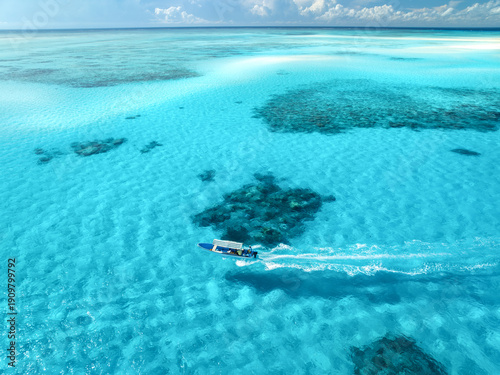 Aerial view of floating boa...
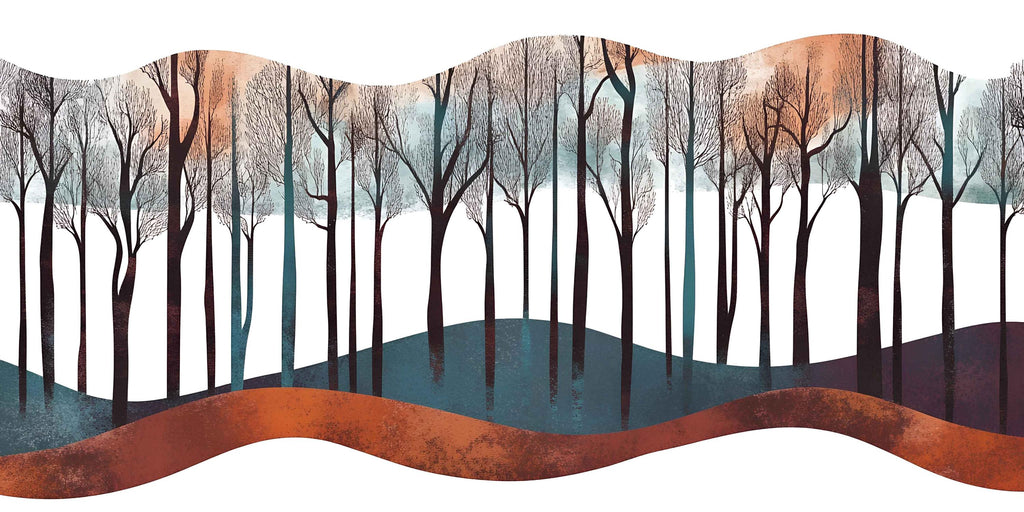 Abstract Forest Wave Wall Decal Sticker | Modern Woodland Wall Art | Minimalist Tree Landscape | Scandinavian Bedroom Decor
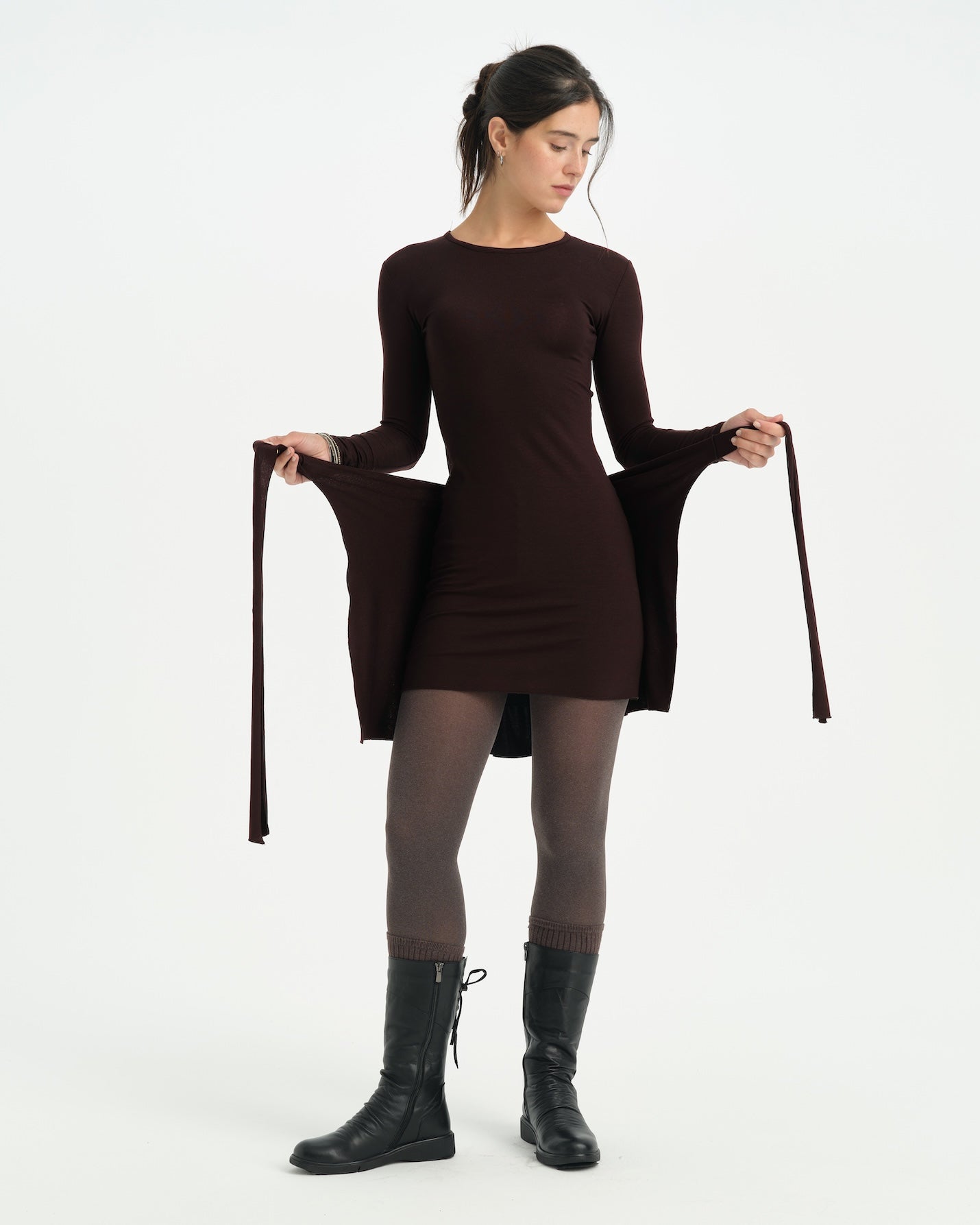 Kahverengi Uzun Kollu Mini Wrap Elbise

...

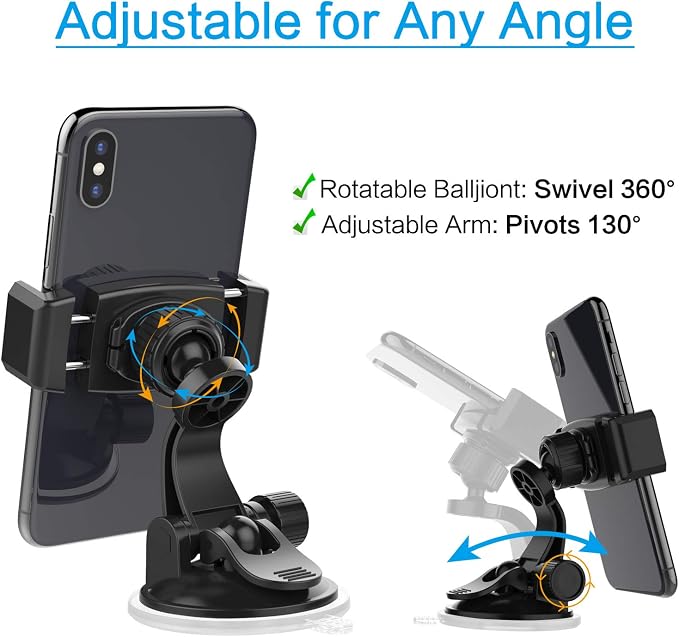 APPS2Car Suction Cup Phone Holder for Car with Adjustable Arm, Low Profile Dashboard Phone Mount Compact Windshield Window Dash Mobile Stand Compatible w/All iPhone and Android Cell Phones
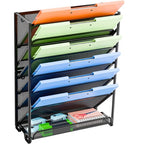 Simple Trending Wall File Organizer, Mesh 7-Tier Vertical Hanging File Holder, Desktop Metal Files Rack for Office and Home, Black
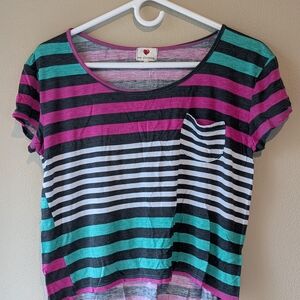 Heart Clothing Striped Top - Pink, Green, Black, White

_ACTIVITY_
In the entries above, find the line with "Simple Trending Wall" and the line with "Heart Clothing Striped". Write out exactly those two lines and every line between them, pictures excluded.

_EXPECTED ANSWER_
 Simple Trending Wall File Organizer, Mesh 7-Tier Vertical Hanging File Holder, Desktop Metal Files Rack for Office and Home, Black
 Heart Clothing Striped Top - Pink, Green, Black, White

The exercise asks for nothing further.